### RECORDED INFORMATION

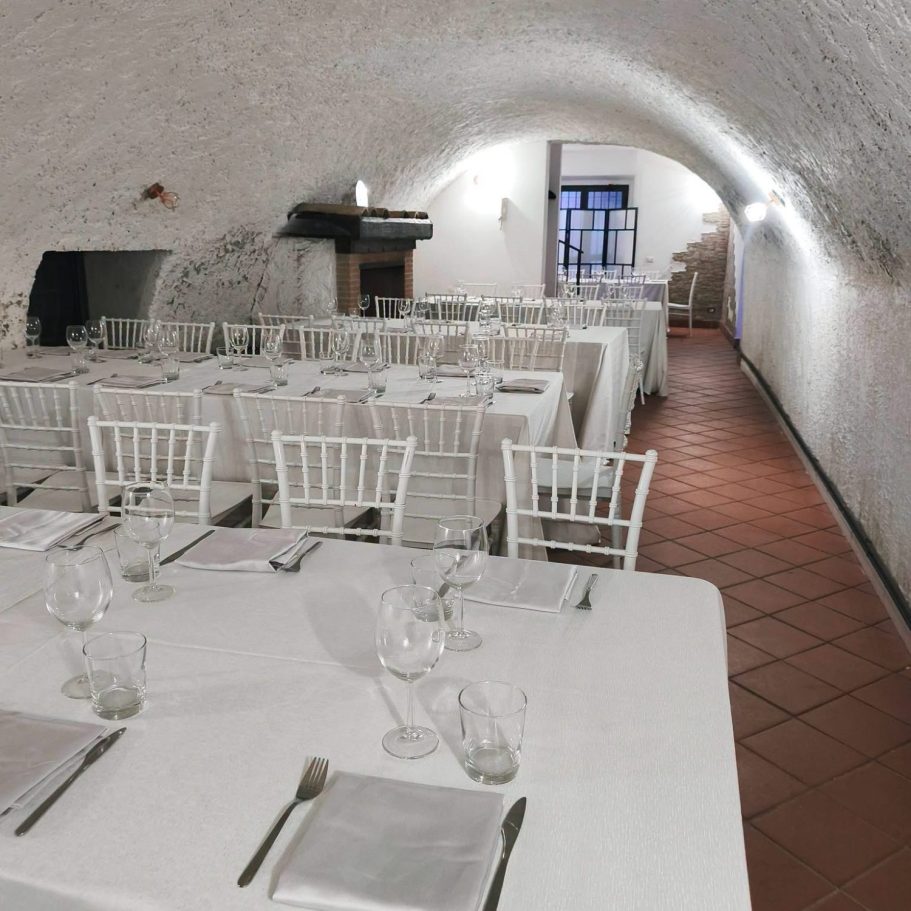 Modern restaurant interior with wooden tables and white chairs, softly lit with blue lights.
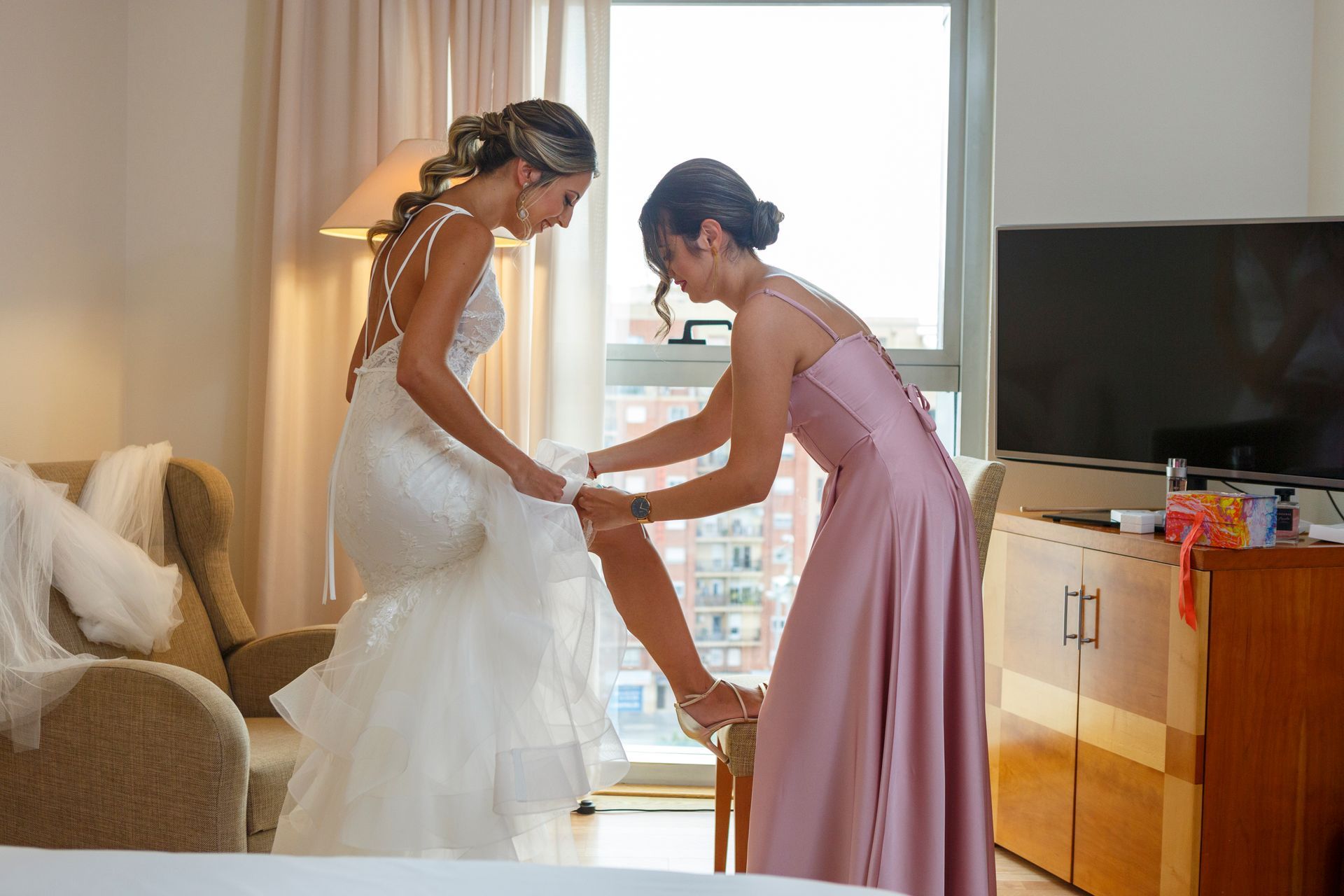 Hermana ayudando a la novia a ponerse la liga el día de su boda en Valencia. 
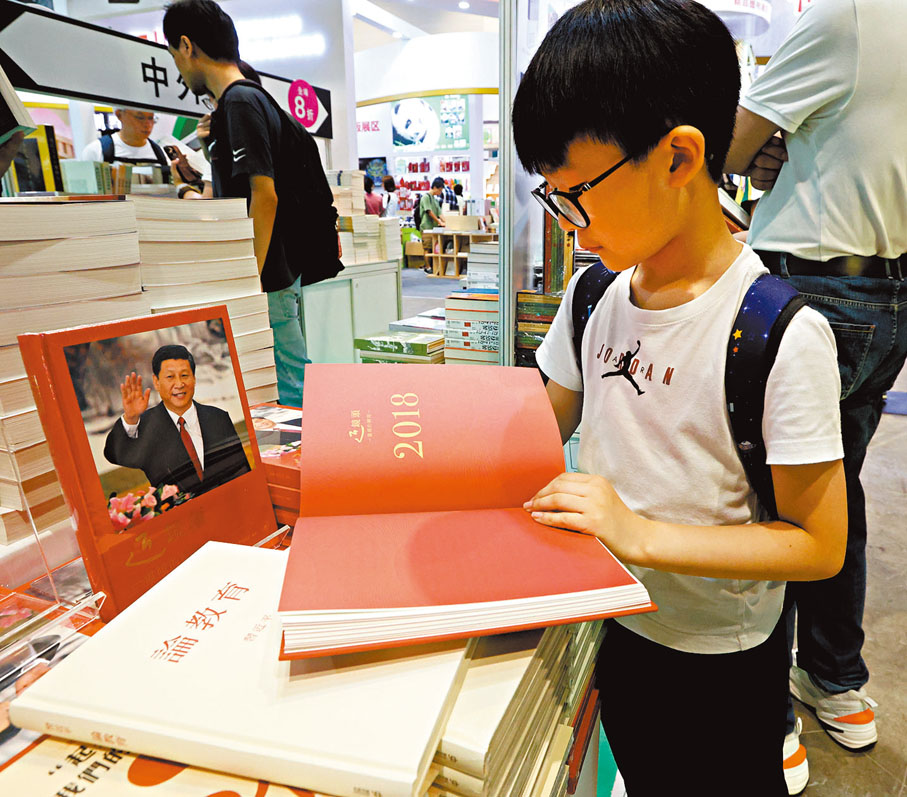 ●一名學生在書展上翻看《近鏡頭:溫暖的瞬間》。香港文匯報記者曾興偉 攝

### YOUR INSTRUCTIONS
Beginning with the line that contains "Hermana ayudando a" in the data above, please copy each line exactly until the last line, both ends included, skipping any pictures.

### ANSWER TO THE PROBLEM
 Hermana ayudando a la novia a ponerse la liga el día de su boda en Valencia. 
 ●一名學生在書展上翻看《近鏡頭:溫暖的瞬間》。香港文匯報記者曾興偉 攝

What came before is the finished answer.